Appendix A.2.1. Operating System
The operating system used in the servers was Windows 10 (64-bit) [69].
Appendix A.2.2. Blockchain Client
Geth 1.9.14 for Windows [71] (Ethereum Foundation) was used as a blockchain client. This client, developed in the Go language, is the command line interface to run a complete Ethereum node. Geth allows each node in the network to enable a port with the RPC (request procedure call) protocol [72], through which the transactions can be sent to the blockchain.
Appendix A.2.3. Blockchain
The blockchain used for the development of the prototype, given its extensive technical information, stability, and ability to execute smart contracts, was a permissioned network of Ethereum [31], which was configured with a consensus algorithm from proof of authority [43].
Appendix A.2.4. Database Server
PostgreSQL v12.3 [33] (PostgreSQL Global Development Group) was selected due to its good query performance thanks to the indexing options (b-tree, multicolumn, expressions, partial), parallelization of read queries and building b-tree indexes, and multi-version concurrency control.
Appendix A.2.5. Web Server
This component was performed using the internal server provided by ReactJS [32] (Facebook, Menlo Park, CA, USA).
Appendix A.2.6. HealthyBlock Architecture Components
The HL7, encryptor, synchronizer, and keys components were developed using Node.js v12.18.0 LTS, with the Express module v4.17.1, and the web3.js v1.2.4 library was used to connect the applications to the blockchain. The obfuscator and request components were developed with React.js v16.12.0 [32]. For the encryption component, the advanced encryption standard (AES) and (Rivest–Shamir–Adleman) RSA encryption algorithms [73] were used, in order to guarantee the security of the EMRs. For the HL7 component, an ORU-R01 message was used (Table A1), as it is useful for sending information about the hemoglobin records and medical appointments/visits that were the subject of this prototype and that are detailed in the functional description. In the case of the synchronizer, a Representational State Transfer (REST) API is additionally used that allows the management of users and their records.
Table A1.
Structure ORU-R01 |
---|
MSH Message Header (General information about the message) |
PID Patient Identification (Patient information) |
[ |
OBR Observation Requests (Type of request observation) |
{ |
OBX Observation Results (Results of the requested observation) |
} |
] |
[ |
{ |
PV1 Patient Visit (Information about the patient’s visit) |
NTE Notes and Comments (General information about the visit) |
} |
] |
The EMR manager, roles, and authentication and registration components were developed using smart contracts in Solidity v0.5.0. Remix IDE V 0.6.6 was used to compile and deploy the contracts on the blockchain. These contracts are described below, the codes of which can be consulted in the project repository at [68].
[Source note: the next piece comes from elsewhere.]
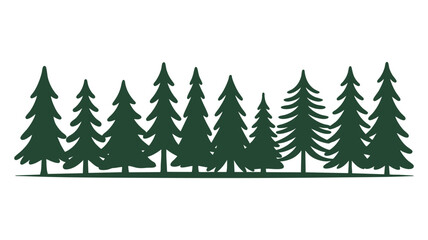 Fototapeta premium Silhouette of a forest of evergreen trees against a white background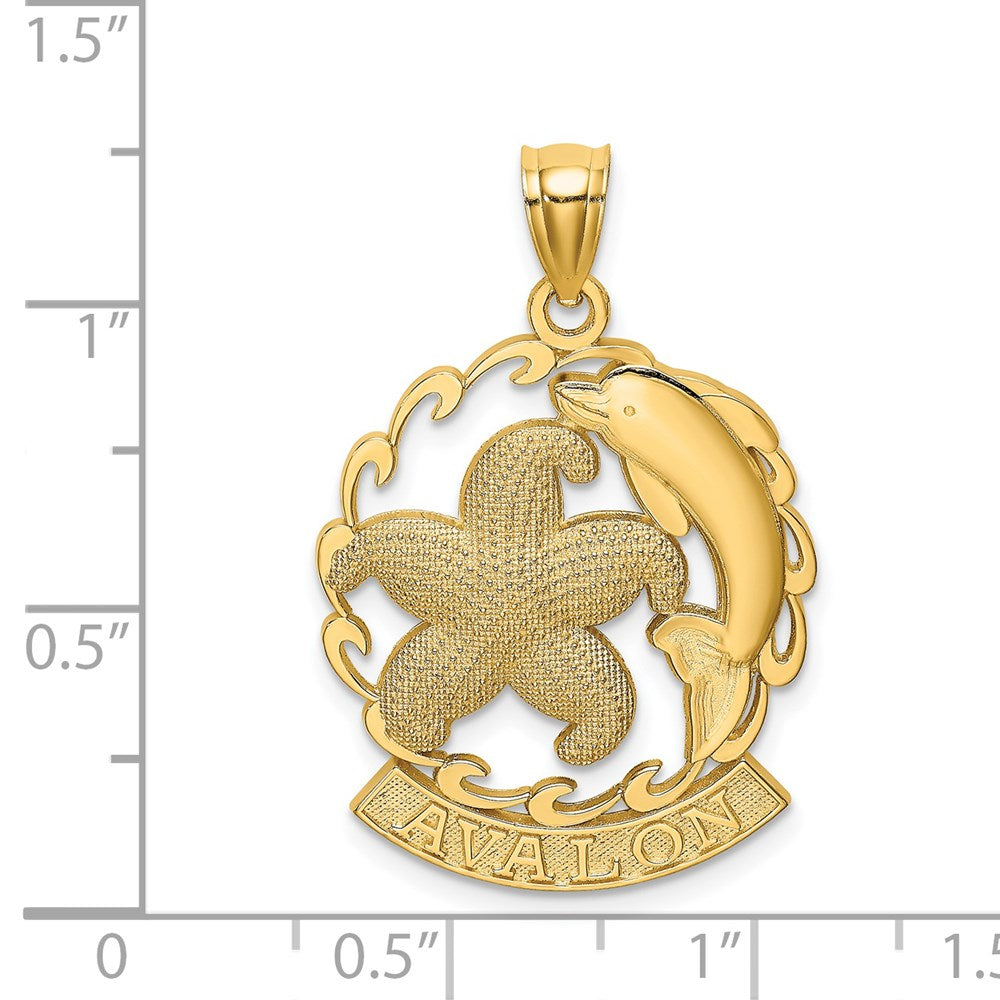 Million Charms 14K Yellow Gold Themed Avalon With Nautical Starfish & Dolphin Charm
EMR manager: The smart contract that develops this component is called MedicalHistory.sol. This contract is in charge of managing the fields that have the EMRs that, for the developed prototype, were name, address, telephone number, the patient’s hemoglobin records, and patient queries.
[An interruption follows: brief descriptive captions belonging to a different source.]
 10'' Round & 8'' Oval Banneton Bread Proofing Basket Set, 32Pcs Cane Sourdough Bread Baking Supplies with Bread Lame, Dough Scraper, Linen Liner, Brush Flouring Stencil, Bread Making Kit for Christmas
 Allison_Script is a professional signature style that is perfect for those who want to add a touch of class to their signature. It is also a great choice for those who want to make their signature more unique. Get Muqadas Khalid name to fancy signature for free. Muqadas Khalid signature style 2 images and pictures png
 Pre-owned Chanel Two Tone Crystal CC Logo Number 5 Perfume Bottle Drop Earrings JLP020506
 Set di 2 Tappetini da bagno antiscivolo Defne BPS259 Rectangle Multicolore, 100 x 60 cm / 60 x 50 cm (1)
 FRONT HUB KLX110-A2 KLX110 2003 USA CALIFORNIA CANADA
Roles: The smart contract developed by this component is called Agent.sol. This contract allows the definition of roles and, therefore, the different levels of access of an actor to the records of a patient. As previously indicated, the accesses are based on [61] and, in order to manage better functionality in the prototype, the following access levels were implemented: no access, range, trend, partial list, full altered list, and full access. Patients are a special agent as they are the owners of their medical history and, thus, must have this additional attribute; therefore, an additional smart contract was used that extends from Agent.sol.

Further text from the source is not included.